(Beginning of Material for this task)
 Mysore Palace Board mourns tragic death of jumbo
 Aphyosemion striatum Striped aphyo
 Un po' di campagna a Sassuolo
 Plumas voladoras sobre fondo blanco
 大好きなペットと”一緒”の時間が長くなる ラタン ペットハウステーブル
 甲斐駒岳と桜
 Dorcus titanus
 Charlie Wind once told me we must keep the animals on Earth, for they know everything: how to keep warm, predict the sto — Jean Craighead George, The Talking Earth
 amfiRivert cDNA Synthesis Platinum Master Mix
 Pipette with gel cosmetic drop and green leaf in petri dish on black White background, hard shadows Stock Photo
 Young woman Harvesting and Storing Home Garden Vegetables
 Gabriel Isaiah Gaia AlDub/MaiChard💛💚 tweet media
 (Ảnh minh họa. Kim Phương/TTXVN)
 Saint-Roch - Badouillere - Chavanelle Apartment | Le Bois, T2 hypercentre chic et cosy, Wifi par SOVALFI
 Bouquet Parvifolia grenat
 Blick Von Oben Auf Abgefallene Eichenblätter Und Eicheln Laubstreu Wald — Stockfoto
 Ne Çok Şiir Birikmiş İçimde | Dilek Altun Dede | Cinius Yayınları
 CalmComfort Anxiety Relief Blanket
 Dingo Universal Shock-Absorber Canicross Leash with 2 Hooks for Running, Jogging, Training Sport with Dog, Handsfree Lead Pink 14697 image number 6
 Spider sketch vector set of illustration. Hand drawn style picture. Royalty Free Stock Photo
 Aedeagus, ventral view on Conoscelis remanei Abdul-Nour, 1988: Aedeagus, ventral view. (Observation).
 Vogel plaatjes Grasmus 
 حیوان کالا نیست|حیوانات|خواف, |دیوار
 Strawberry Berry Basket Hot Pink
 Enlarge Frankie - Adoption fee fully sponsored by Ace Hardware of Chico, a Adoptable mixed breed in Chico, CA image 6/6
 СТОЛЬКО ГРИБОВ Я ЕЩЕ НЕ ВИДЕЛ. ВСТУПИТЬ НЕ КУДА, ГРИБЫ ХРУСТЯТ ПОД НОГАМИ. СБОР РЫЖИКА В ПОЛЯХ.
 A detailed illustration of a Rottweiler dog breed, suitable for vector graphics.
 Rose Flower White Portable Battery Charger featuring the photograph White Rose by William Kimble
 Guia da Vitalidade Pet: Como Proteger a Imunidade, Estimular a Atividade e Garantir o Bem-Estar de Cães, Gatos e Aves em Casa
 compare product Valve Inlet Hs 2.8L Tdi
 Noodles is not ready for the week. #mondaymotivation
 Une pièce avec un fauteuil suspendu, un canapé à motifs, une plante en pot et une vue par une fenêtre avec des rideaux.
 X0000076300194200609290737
(End of Material for this task)
## Problem
Every line in the records that holds the word "illustration" should be copied into the answer.

## Written response
 Spider sketch vector set of illustration. Hand drawn style picture. Royalty Free Stock Photo
 A detailed illustration of a Rottweiler dog breed, suitable for vector graphics.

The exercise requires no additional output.